In guidelines related to DF, it is generally accepted that patients with impaired systolic function will have also impaired DF. For example, in the guidelines published in 2016, an EF value of 50% was considered a threshold value (4). The notion that the work performed during the systolic and diastolic phases of the heart may not be independent is not new. This occurs because the energy of external work performed during systole is restored by internal work performed during diastole (9). Therefore, if there is a disturbance in either of these phases, there should be a disturbance in the other as well. In a study conducted by de Simone (10), it was emphasized that systolic functions calculated from the midwall level and DFs show parallelism, and changes in both phases could occur concomitantly.
Study Limitations
In this study, we did not find the expected result, and there were limitations that could have contributed to this outcome. The most important limitation was the restriction in the number of patients and the inability to use strain echocardiography to evaluate left ventricular systolic function (11, 12). Additionally, the single-center nature of the study and the inclusion of relatively healthy patients were other study limitations. However, we believe that elucidating the relationship between EF and DF is crucial, and conducting studies in this regard is essential. Therefore, we believe that the current study could pave the way for research in this area, as we could not identify any study directly evaluating the relationship in the literature.
CONCLUSION
In our study, no relationship was found between EF within the normal range and DF and parameters. To provide a clearer understanding of the relationship between EF within the normal range and DF, more extensive studies are required.
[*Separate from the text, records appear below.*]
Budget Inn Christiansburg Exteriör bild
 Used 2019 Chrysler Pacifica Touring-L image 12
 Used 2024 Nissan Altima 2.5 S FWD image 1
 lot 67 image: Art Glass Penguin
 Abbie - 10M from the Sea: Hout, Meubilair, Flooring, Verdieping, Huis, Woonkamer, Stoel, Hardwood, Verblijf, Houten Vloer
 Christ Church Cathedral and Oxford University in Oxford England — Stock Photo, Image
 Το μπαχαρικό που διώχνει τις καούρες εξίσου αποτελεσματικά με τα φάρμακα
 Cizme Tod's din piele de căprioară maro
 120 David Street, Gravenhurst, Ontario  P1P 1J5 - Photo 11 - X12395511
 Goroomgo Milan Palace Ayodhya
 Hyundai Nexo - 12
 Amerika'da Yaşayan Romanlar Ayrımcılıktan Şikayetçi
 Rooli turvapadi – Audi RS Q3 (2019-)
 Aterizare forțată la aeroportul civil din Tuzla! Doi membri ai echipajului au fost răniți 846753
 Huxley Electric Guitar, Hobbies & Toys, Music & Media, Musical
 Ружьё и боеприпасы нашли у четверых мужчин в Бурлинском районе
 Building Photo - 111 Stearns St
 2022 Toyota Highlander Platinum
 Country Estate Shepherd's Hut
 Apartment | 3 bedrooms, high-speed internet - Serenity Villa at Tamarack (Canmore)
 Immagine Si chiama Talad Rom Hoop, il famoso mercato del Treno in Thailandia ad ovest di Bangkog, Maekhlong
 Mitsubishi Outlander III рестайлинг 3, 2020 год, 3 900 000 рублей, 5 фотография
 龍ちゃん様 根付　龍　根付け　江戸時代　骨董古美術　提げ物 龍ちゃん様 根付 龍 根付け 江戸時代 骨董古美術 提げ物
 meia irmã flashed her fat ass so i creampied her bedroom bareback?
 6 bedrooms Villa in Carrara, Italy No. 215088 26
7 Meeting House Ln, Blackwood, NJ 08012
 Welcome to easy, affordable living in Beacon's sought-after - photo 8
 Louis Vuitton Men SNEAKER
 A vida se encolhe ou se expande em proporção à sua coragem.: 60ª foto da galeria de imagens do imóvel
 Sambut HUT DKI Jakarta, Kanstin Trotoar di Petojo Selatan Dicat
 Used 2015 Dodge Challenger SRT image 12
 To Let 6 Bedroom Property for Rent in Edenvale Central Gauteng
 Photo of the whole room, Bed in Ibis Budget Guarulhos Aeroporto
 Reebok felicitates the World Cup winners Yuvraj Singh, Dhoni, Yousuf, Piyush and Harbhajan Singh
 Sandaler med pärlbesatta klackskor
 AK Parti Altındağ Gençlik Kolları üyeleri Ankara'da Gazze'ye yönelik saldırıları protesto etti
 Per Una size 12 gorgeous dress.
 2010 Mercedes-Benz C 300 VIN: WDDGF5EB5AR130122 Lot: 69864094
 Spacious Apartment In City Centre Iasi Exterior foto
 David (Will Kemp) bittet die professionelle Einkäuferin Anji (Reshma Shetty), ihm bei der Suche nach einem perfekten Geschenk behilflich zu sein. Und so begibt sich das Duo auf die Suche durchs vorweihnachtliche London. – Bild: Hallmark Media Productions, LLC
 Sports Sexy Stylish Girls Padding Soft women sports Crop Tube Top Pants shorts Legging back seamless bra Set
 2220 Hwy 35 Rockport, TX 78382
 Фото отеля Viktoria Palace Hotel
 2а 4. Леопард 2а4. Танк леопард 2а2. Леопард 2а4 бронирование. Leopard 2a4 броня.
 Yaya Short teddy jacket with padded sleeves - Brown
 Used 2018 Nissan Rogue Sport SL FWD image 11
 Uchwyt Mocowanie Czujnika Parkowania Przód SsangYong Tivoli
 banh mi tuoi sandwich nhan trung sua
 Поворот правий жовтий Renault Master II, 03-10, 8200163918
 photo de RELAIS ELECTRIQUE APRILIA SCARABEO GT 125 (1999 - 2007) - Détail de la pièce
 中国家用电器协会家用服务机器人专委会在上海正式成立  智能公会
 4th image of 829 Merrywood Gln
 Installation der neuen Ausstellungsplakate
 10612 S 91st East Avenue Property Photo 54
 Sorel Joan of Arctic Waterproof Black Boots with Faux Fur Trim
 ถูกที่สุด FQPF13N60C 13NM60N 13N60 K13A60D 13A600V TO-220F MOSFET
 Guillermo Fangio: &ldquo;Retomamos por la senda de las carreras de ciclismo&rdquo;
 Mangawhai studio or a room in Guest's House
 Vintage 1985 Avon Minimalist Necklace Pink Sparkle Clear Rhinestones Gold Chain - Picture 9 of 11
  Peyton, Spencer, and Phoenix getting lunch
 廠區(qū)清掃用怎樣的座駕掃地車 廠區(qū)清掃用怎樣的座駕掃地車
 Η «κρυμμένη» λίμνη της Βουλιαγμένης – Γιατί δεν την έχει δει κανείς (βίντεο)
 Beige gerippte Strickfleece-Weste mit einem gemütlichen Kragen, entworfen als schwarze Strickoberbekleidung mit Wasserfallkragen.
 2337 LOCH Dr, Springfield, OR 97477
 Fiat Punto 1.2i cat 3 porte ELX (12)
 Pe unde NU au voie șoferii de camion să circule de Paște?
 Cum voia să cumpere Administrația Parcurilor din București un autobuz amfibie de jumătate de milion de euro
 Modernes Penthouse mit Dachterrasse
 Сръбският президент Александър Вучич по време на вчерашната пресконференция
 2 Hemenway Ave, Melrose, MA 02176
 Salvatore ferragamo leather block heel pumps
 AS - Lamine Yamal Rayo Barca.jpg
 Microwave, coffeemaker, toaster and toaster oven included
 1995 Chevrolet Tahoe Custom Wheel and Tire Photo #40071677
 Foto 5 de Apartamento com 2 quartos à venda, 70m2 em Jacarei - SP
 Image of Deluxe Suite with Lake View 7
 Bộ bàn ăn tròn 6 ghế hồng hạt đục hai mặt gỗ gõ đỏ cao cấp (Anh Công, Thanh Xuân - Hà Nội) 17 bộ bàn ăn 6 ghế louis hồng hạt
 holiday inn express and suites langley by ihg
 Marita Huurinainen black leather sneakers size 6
Our study provides a nucleus for future studies in the field of normal-range LVEF and DD.
Ethics Committee Approval: Our study adhered to the tenets of the Declaration of Helsinki and was conducted with the approval of the University of Health Sciences Türkiye, Gaziosmanpaşa Training and Research Hospital Clinical Research Ethics Committee with 387 number on December 22, 2021.
Informed Consent: Informed consent was obtained from the patients.
Author Contributions: Concept - M.Y., M.R.S.; Design - M.Y., M.R.S.; Data Collection and/or Processing - M.Y.; Analysis and/or Interpretation - M.Y., M.R.S.; Literature Search - M.Y., M.R.S.; Writing - M.Y.
Conflict of Interest: The authors have no conflict of interest to declare.
Financial Disclosure: The authors declared that this study has received no financial support.